• Required work: Within the data that follows, set down exactly the lines from the one containing "Laxmiji motif in" through the one containing "DUDAO 2.4A Dual", both ends included.
BEGIN Exercise materials
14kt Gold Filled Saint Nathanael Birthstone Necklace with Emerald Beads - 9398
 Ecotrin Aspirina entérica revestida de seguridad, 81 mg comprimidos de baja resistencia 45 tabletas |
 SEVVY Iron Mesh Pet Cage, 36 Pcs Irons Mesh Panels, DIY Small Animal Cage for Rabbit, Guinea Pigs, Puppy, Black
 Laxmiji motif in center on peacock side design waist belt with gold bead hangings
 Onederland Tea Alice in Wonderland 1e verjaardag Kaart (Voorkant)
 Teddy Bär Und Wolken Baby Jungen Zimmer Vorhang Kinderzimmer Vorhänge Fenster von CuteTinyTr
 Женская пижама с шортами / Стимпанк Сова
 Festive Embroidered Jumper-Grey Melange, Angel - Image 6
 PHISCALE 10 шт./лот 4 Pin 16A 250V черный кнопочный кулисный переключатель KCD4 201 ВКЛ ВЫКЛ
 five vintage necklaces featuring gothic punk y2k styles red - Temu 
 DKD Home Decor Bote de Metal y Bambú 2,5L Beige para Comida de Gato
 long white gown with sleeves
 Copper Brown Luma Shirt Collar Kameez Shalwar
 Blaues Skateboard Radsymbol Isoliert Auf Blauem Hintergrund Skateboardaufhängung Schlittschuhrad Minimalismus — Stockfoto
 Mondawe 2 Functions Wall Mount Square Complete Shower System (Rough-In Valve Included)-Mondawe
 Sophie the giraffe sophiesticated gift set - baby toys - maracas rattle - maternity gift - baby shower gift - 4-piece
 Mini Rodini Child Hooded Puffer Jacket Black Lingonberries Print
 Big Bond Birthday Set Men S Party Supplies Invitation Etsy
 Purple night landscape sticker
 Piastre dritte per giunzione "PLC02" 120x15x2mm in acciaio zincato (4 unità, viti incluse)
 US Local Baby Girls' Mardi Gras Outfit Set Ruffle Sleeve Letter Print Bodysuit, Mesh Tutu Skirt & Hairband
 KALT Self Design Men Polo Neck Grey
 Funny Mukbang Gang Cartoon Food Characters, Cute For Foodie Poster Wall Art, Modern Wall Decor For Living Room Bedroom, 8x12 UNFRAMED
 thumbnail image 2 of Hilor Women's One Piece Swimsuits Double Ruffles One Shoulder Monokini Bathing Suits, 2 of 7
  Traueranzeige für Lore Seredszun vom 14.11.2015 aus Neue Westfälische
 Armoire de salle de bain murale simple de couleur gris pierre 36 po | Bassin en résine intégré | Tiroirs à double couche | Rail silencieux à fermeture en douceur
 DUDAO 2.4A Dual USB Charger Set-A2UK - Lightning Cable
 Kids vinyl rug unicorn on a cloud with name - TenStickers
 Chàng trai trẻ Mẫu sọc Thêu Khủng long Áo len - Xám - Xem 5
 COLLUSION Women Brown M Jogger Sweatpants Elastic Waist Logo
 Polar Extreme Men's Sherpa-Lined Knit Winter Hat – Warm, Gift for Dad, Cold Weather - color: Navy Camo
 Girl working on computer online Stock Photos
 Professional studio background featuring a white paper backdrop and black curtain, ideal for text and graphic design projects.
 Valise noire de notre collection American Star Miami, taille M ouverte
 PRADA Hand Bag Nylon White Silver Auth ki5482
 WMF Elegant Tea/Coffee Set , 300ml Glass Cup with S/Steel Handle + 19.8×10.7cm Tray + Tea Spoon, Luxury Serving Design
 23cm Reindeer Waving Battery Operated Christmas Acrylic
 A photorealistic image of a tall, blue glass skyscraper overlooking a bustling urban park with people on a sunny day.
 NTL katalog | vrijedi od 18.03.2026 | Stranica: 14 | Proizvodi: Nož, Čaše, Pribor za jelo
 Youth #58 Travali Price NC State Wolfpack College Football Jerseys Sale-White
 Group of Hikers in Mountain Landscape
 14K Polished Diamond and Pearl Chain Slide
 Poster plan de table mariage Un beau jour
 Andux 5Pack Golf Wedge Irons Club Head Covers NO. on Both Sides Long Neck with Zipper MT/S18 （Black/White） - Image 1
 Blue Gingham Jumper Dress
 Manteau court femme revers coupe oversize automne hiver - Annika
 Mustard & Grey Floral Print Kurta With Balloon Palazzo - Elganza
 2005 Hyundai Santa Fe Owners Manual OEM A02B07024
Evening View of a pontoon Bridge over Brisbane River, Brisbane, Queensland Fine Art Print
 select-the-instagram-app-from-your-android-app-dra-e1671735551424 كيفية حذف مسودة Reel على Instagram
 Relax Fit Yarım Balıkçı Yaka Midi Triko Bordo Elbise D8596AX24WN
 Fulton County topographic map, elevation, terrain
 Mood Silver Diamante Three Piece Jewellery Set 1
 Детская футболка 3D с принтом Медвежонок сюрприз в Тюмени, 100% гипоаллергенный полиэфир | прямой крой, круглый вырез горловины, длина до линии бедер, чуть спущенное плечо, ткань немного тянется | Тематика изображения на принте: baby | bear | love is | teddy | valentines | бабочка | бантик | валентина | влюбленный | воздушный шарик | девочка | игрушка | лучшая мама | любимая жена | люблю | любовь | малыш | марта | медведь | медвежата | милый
END Exercise materials
• Written response:
 Laxmiji motif in center on peacock side design waist belt with gold bead hangings
 Onederland Tea Alice in Wonderland 1e verjaardag Kaart (Voorkant)
 Teddy Bär Und Wolken Baby Jungen Zimmer Vorhang Kinderzimmer Vorhänge Fenster von CuteTinyTr
 Женская пижама с шортами / Стимпанк Сова
 Festive Embroidered Jumper-Grey Melange, Angel - Image 6
 PHISCALE 10 шт./лот 4 Pin 16A 250V черный кнопочный кулисный переключатель KCD4 201 ВКЛ ВЫКЛ
 five vintage necklaces featuring gothic punk y2k styles red - Temu 
 DKD Home Decor Bote de Metal y Bambú 2,5L Beige para Comida de Gato
 long white gown with sleeves
 Copper Brown Luma Shirt Collar Kameez Shalwar
 Blaues Skateboard Radsymbol Isoliert Auf Blauem Hintergrund Skateboardaufhängung Schlittschuhrad Minimalismus — Stockfoto
 Mondawe 2 Functions Wall Mount Square Complete Shower System (Rough-In Valve Included)-Mondawe
 Sophie the giraffe sophiesticated gift set - baby toys - maracas rattle - maternity gift - baby shower gift - 4-piece
 Mini Rodini Child Hooded Puffer Jacket Black Lingonberries Print
 Big Bond Birthday Set Men S Party Supplies Invitation Etsy
 Purple night landscape sticker
 Piastre dritte per giunzione "PLC02" 120x15x2mm in acciaio zincato (4 unità, viti incluse)
 US Local Baby Girls' Mardi Gras Outfit Set Ruffle Sleeve Letter Print Bodysuit, Mesh Tutu Skirt & Hairband
 KALT Self Design Men Polo Neck Grey
 Funny Mukbang Gang Cartoon Food Characters, Cute For Foodie Poster Wall Art, Modern Wall Decor For Living Room Bedroom, 8x12 UNFRAMED
 thumbnail image 2 of Hilor Women's One Piece Swimsuits Double Ruffles One Shoulder Monokini Bathing Suits, 2 of 7
  Traueranzeige für Lore Seredszun vom 14.11.2015 aus Neue Westfälische
 Armoire de salle de bain murale simple de couleur gris pierre 36 po | Bassin en résine intégré | Tiroirs à double couche | Rail silencieux à fermeture en douceur
 DUDAO 2.4A Dual USB Charger Set-A2UK - Lightning Cable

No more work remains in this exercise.